== Your instructions ==
For the material below, reproduce exactly each line from the one that has "Estribos tubo Negro" through the one that has "Cubic Zirconia Micro", and no others; pictures stay out.

== Entries provided ==
○ ○ ○ ○

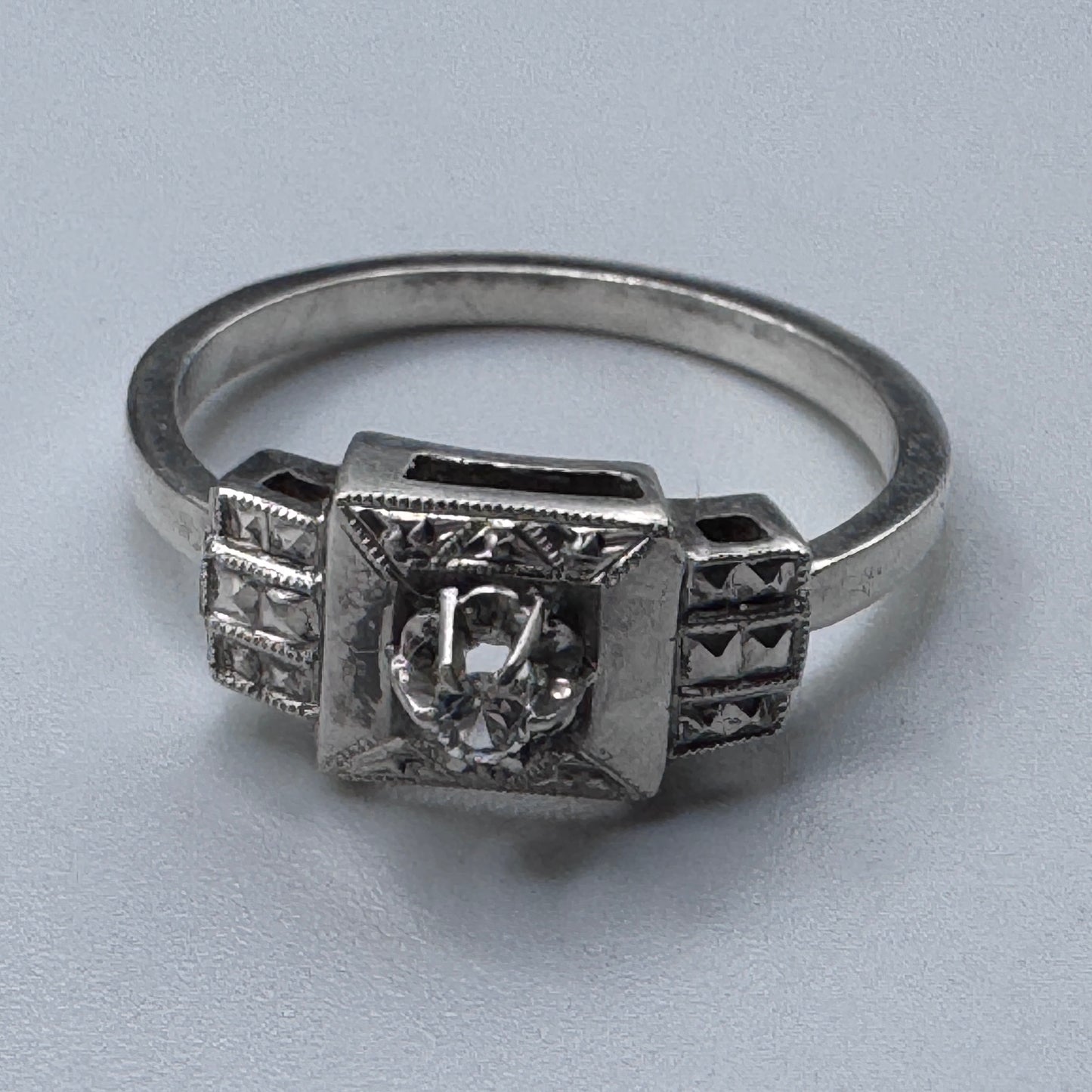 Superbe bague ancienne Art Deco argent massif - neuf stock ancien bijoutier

○ ○ ○ ○

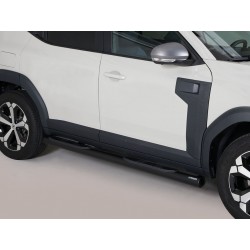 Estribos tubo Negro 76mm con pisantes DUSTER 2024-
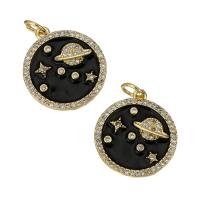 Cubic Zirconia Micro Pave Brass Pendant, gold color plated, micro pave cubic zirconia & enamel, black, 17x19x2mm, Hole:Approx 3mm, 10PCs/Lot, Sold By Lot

○ ○ ○ ○

== Solution ==
 Estribos tubo Negro 76mm con pisantes DUSTER 2024-
 Cubic Zirconia Micro Pave Brass Pendant, gold color plated, micro pave cubic zirconia & enamel, black, 17x19x2mm, Hole:Approx 3mm, 10PCs/Lot, Sold By Lot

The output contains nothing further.